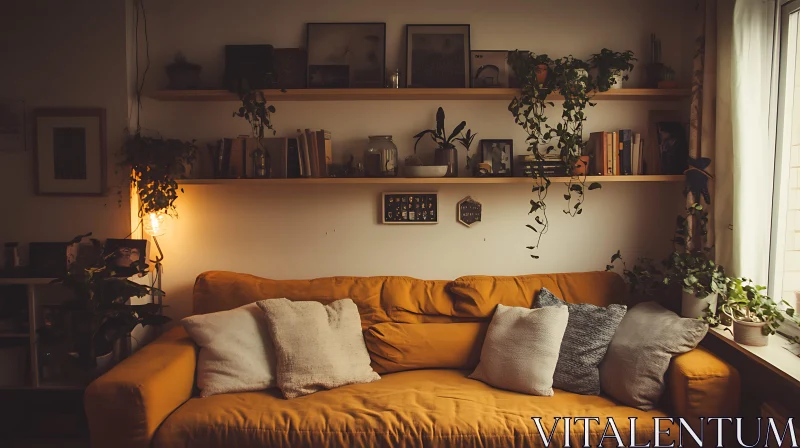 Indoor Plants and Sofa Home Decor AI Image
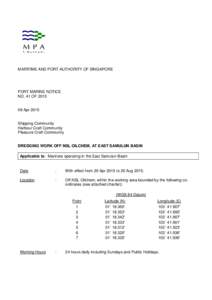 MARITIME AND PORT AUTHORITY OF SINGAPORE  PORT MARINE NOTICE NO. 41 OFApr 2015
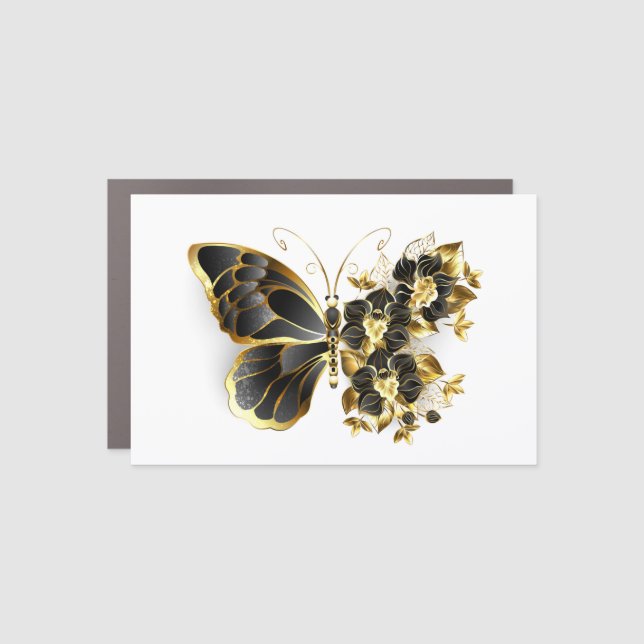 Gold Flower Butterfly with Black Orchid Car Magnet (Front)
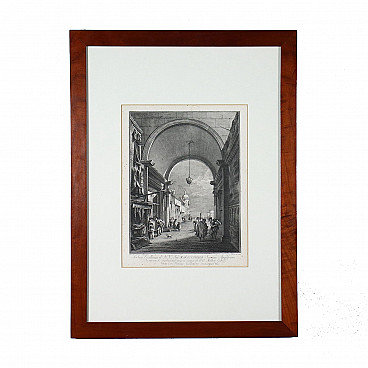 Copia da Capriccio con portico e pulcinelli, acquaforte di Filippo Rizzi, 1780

--

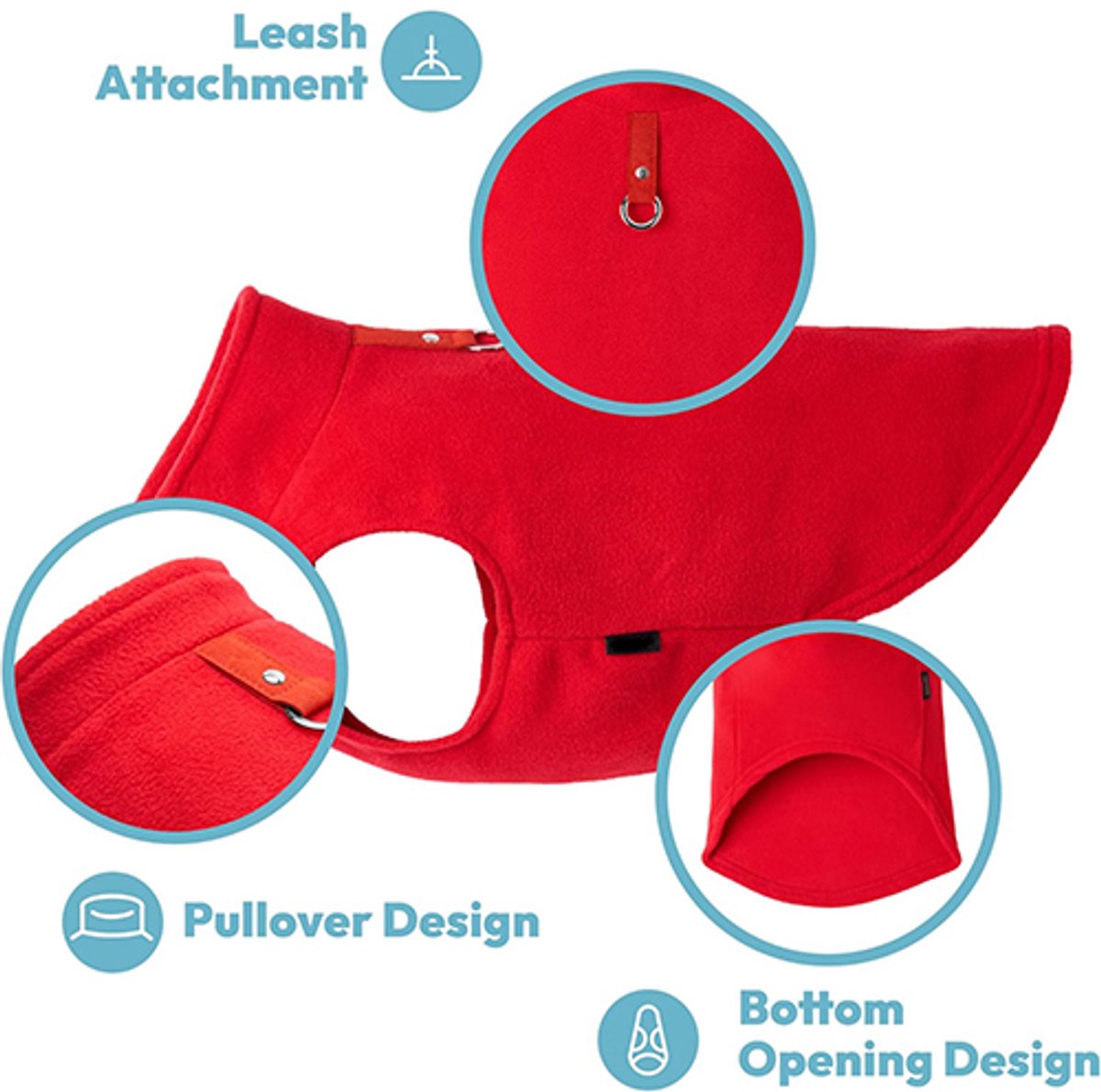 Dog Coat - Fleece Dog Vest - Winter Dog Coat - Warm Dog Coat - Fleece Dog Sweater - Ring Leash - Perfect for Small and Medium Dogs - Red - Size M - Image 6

*Task instructions*: Look above for the line containing "Indoor Plants and Sofa Home Decor AI Image", then write out every line from there down to the line containing "Copia da Capriccio", that line included, with no pictures.

*Written response*:
 Indoor Plants and Sofa Home Decor AI Image
 MARITIME AND PORT AUTHORITY OF SINGAPORE  PORT MARINE NOTICE NO. 41 OFApr 2015
 Gold Flower Butterfly with Black Orchid Car Magnet (Front)
 Copia da Capriccio con portico e pulcinelli, acquaforte di Filippo Rizzi, 1780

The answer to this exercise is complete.